> [Information provided]:
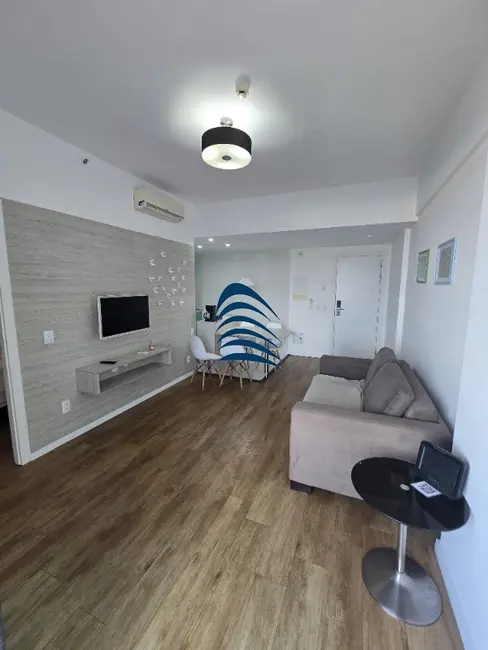 Apartamento com 1 quarto à venda, 45m2 em Caminho das Árvores, Salvador - BA - imagem 8 Foto 8 de Apartamento com 1 quarto à venda, 45m2 em Caminho das Árvores, Salvador - BA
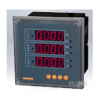 ZR電力儀表 ZR2070A3 三相電流表ZR2070A3，ZR2080A3，ZR2090A3，ZR2012A3，ZR2070V3，ZR2080V3，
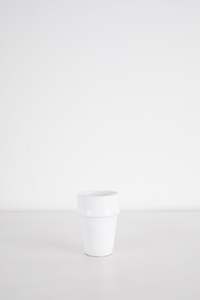 Mugs: Moroccan Beldi Mug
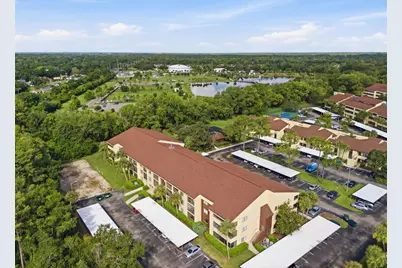 13604 S Village Drive #2210, Tampa, FL 33618 - Photo 25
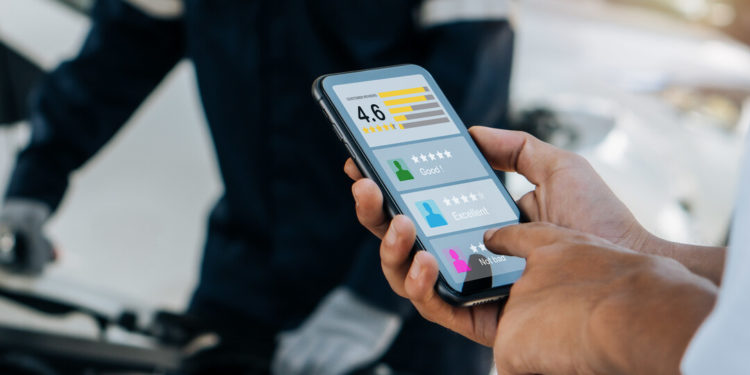 Garansi Digital VS Garansi Fisik, Mana yang Lebih Efektif?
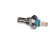 GM410-00031 Crathco alternate view 4
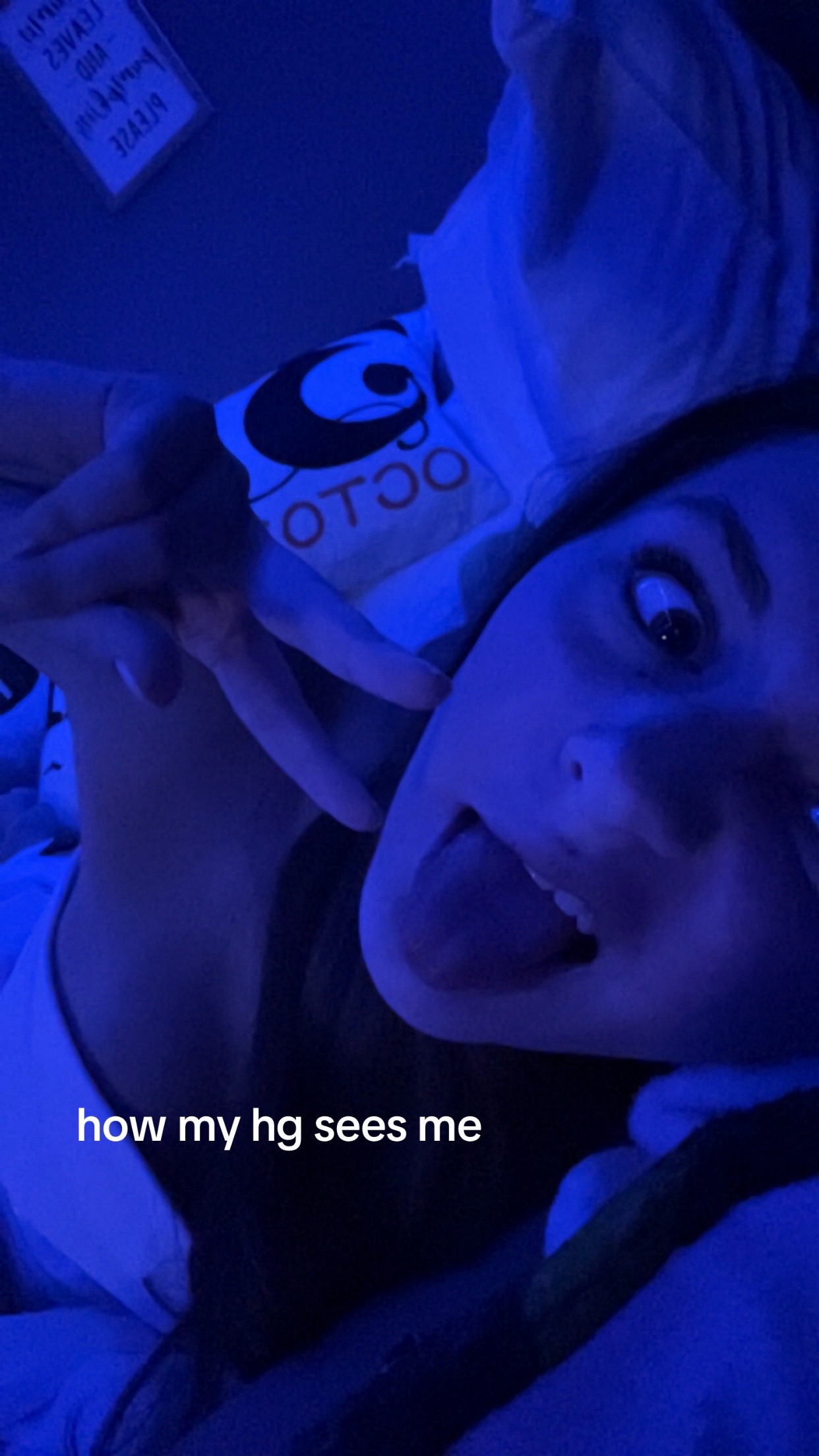 @Natalie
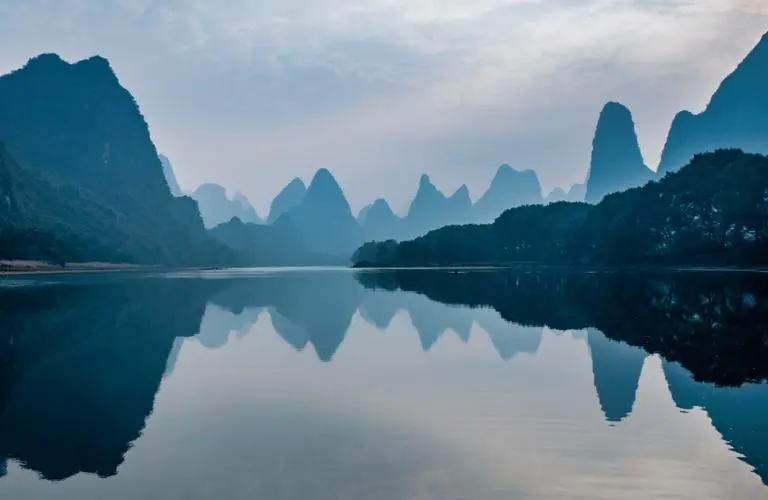 精密绿色精密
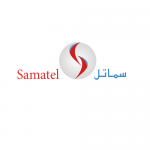 samatel's الصورة الرمزية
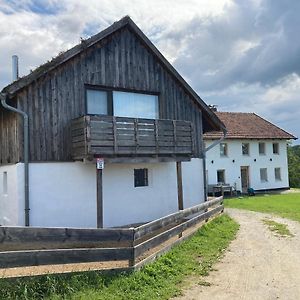 Bauernhaus Pledlberg Ξενοδοχείο Winzer Exterior photo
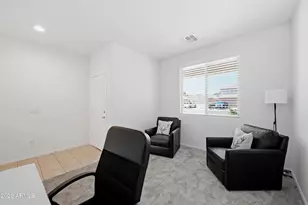 7129 W Solano Dr N, Glendale, AZ 85303 - Photo 4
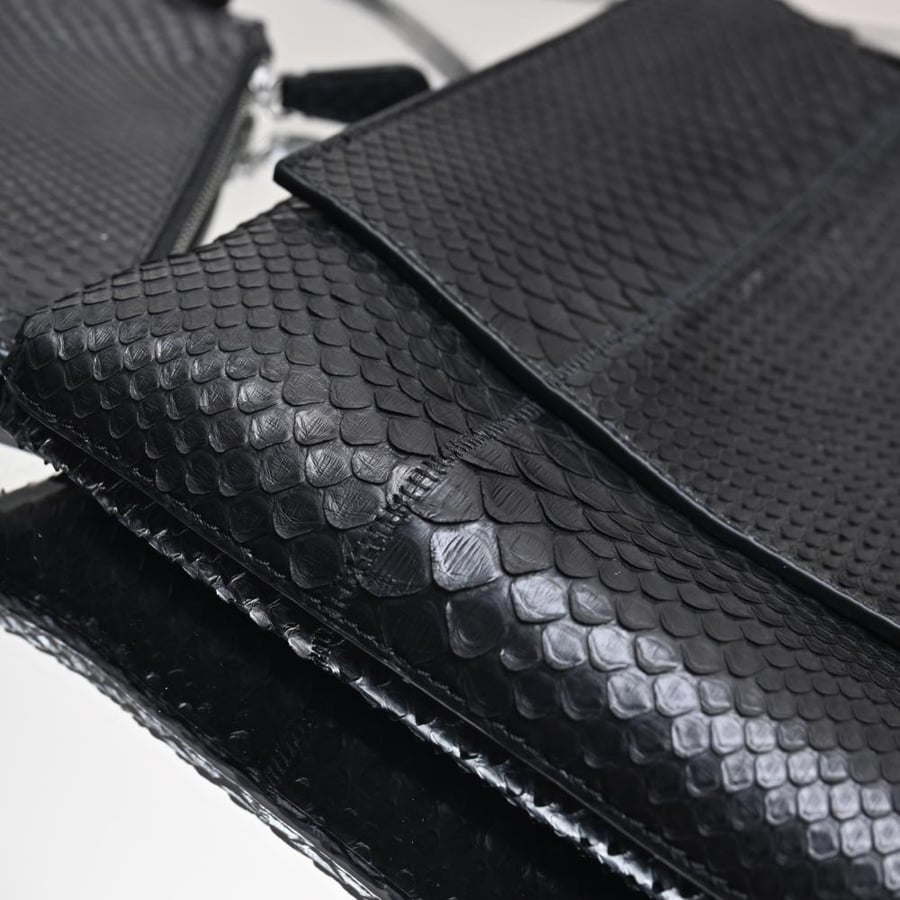30.5x22.5x3cm
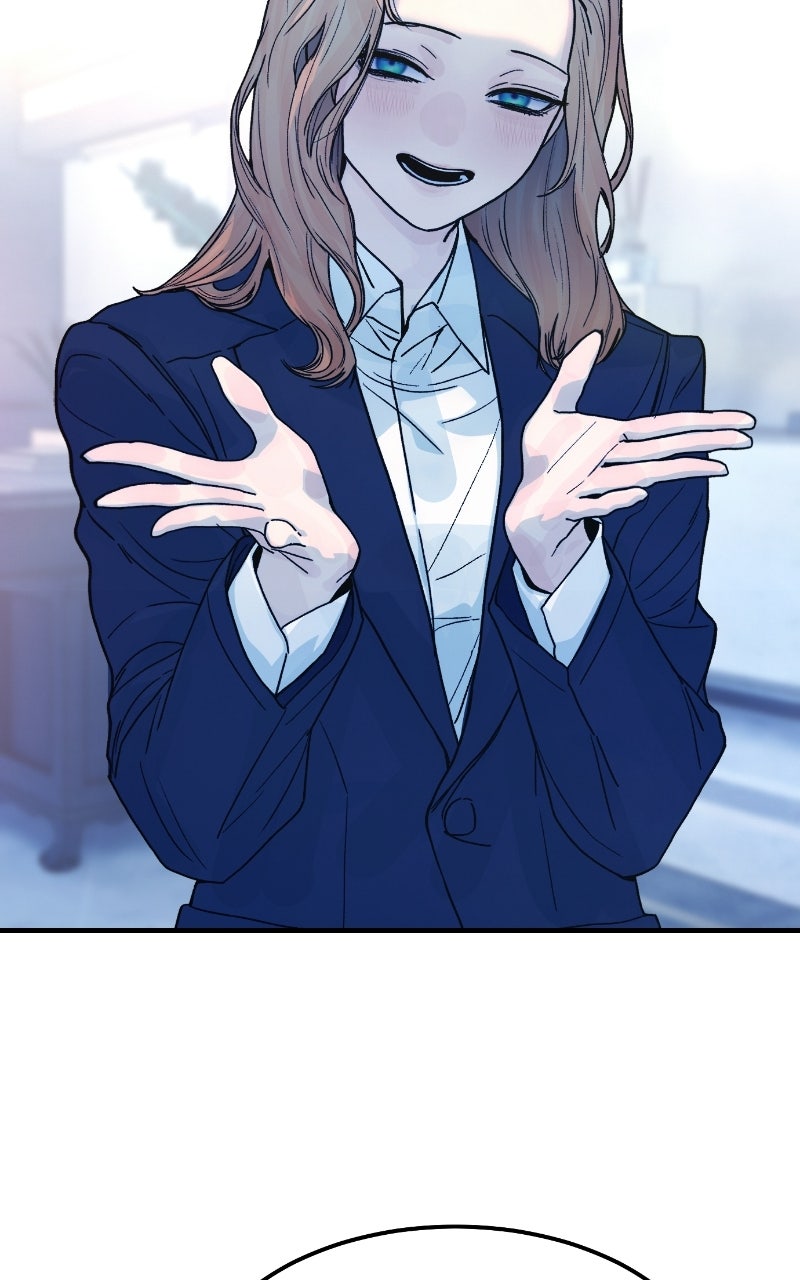 Her Game of Go Episode 7 page 83 - 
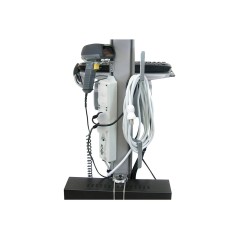 60-590/Power Strip Mount Kit for Carts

> [Work to complete]:
If a record above holds a picture, leave the picture out and write out everything else exactly.

> [Result of the task]:
 Apartamento com 1 quarto à venda, 45m2 em Caminho das Árvores, Salvador - BA - imagem 8 Foto 8 de Apartamento com 1 quarto à venda, 45m2 em Caminho das Árvores, Salvador - BA
 ZR電力儀表 ZR2070A3 三相電流表ZR2070A3，ZR2080A3，ZR2090A3，ZR2012A3，ZR2070V3，ZR2080V3，
 Mugs: Moroccan Beldi Mug
 13604 S Village Drive #2210, Tampa, FL 33618 - Photo 25
 Garansi Digital VS Garansi Fisik, Mana yang Lebih Efektif?
 GM410-00031 Crathco alternate view 4
 @Natalie
 精密绿色精密
 samatel's الصورة الرمزية
 Bauernhaus Pledlberg Ξενοδοχείο Winzer Exterior photo
 7129 W Solano Dr N, Glendale, AZ 85303 - Photo 4
30.5x22.5x3cm
 Her Game of Go Episode 7 page 83 - 
 60-590/Power Strip Mount Kit for Carts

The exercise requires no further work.